Sunday, July 27, 2008

The Art of the Car Display

Los Angeles is the original car-centric culture, and we have brought the art of the car display to a highly refined level. Above is an early example, at the house of movie star Frederick March's Bel Air mansion (found on image-archaeology.com, a wonderful repository of post cards, matchbook covers, and other SoCal ephemera). Perhaps it is this convergence of auto culture and Hollywood culture that created the phenomenon. Touring the well-manicured homes of the stars, might Angelinos have longed to create a display of their own?
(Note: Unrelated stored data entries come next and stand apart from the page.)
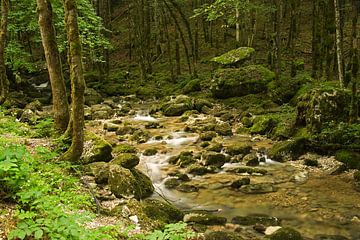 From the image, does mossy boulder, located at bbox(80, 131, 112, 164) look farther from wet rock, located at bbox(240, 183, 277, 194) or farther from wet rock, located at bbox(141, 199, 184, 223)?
wet rock, located at bbox(240, 183, 277, 194)

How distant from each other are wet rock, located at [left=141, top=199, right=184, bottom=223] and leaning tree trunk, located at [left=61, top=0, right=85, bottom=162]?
103 inches

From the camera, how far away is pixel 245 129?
15.8 meters

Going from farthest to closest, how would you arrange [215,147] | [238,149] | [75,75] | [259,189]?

I still have a small treasure of a book, Charles Jenks's "Daydream Houses of Los Angeles," in which he tours LA residential neighborhoods and waxes acidic with pithy captions like, "Debbie Reynolds Egyptoid with Topiary Petrol Pumps and Car Display." Love it.
Here is a north-of-San-Vicente version. Less is more (less is a bore?).
Not to be confused with cars (in this case, trucks) parked ON the lawn. Every neighborhood has one of these households....

But you don't have to be rich to engage in the art, especially if you can get your neighbor to collaborate by paving over the yard between the houses. Muscle cars like caterpillars in their pupae, waiting (but for ample amounts of money and elbow grease) to be reborn.